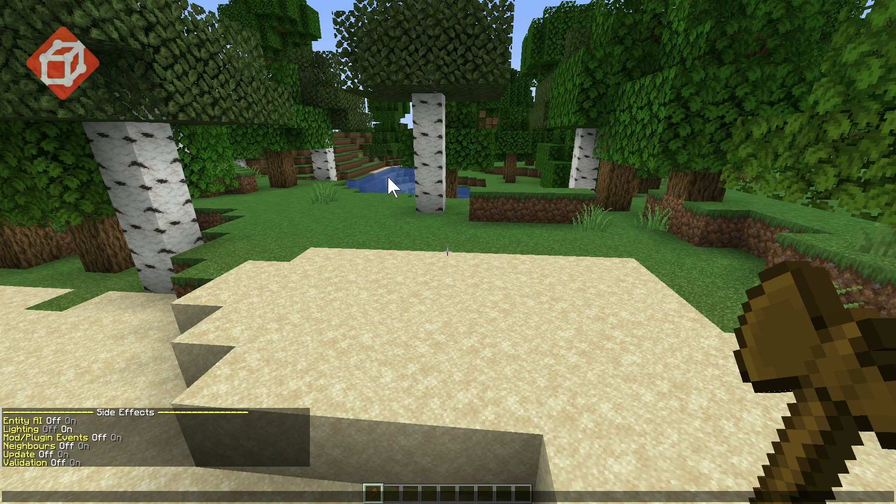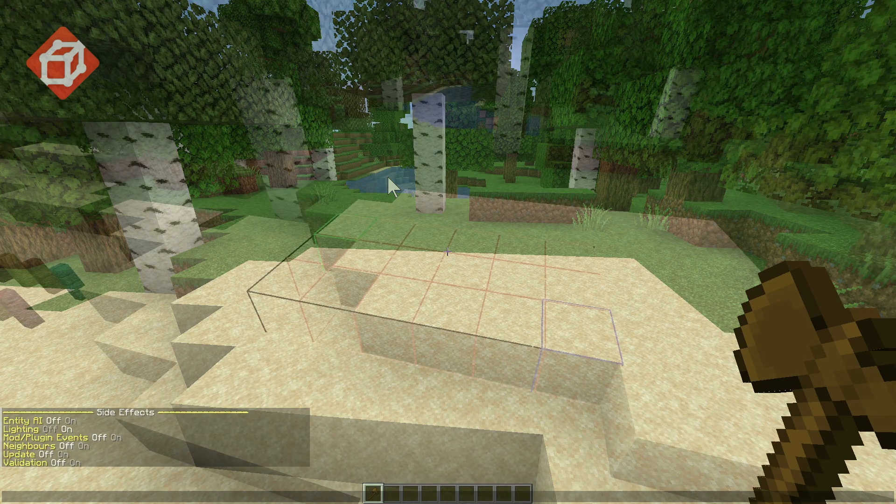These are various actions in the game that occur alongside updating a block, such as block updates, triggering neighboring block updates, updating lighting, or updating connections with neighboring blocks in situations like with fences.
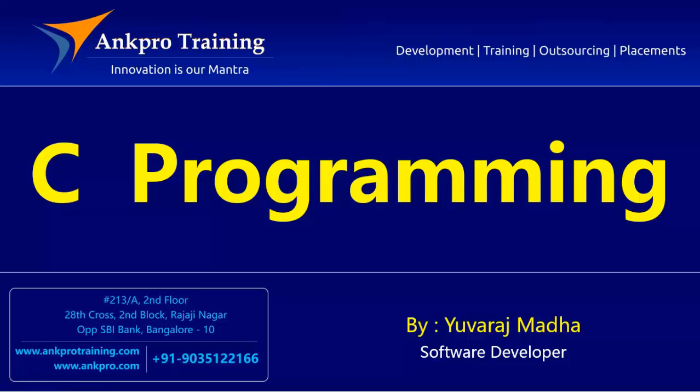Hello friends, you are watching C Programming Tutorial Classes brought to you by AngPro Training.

==

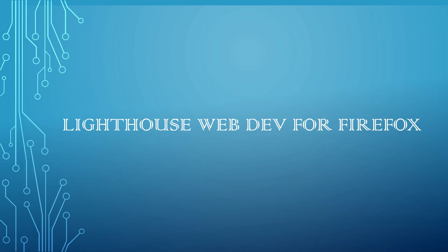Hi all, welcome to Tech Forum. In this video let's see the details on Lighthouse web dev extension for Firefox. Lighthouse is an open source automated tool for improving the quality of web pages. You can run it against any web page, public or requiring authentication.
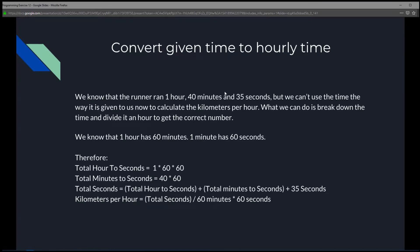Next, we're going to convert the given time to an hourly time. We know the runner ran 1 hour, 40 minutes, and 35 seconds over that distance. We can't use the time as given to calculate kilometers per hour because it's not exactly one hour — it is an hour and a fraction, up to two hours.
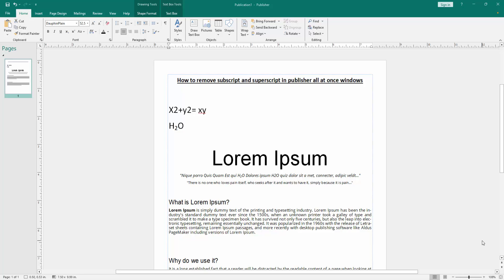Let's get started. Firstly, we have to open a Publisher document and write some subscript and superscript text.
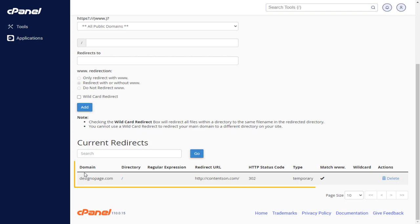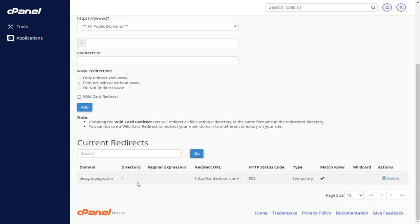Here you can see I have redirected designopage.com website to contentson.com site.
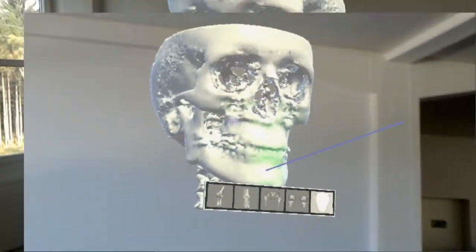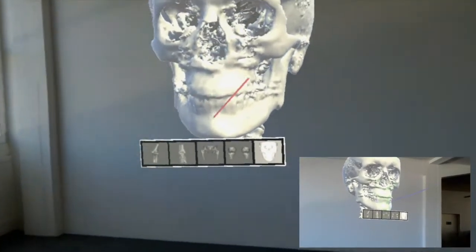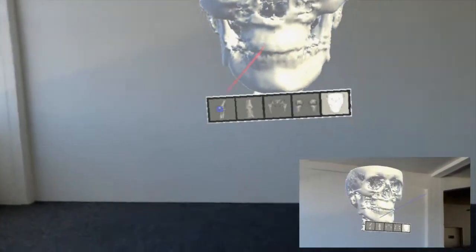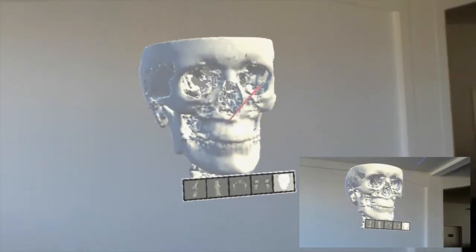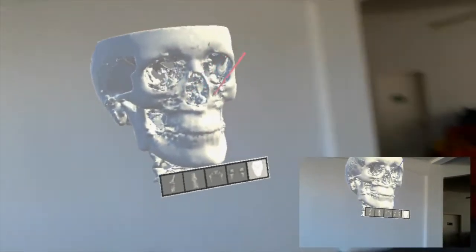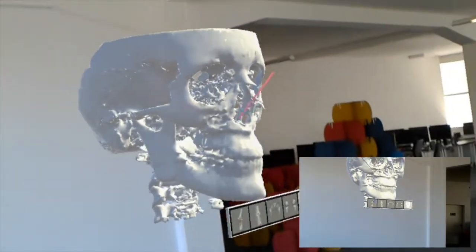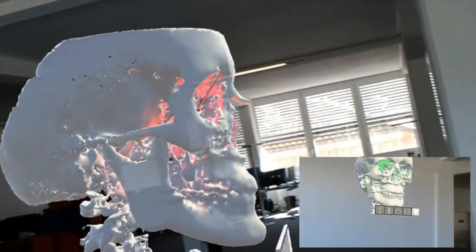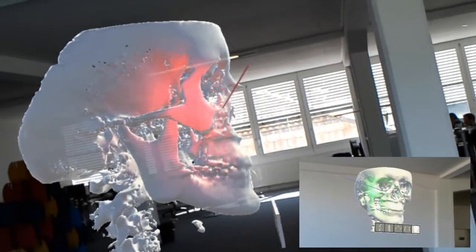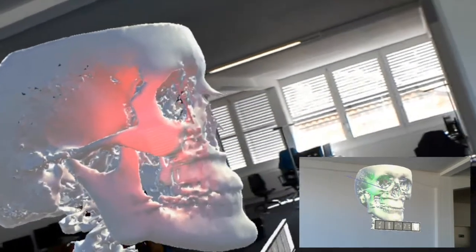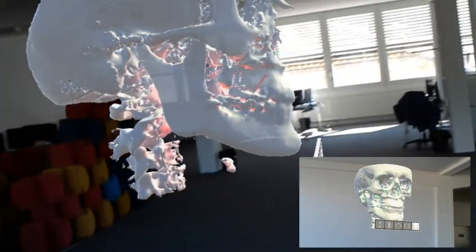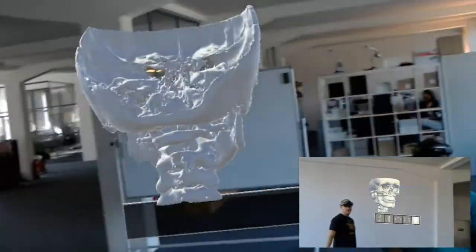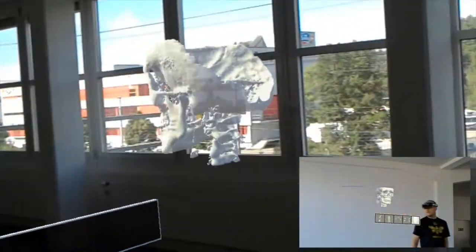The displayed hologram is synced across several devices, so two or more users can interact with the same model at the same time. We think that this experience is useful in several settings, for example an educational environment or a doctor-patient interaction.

[About this task]:
After locating the line containing "These are various" in the entries above, return it and every line after it exactly, ending at the line containing "Hello friends, you", without pictures.

[Task output]:
These are various actions in the game that occur alongside updating a block, such as block updates, triggering neighboring block updates, updating lighting, or updating connections with neighboring blocks in situations like with fences.
Hello friends, you are watching C Programming Tutorial Classes brought to you by AngPro Training.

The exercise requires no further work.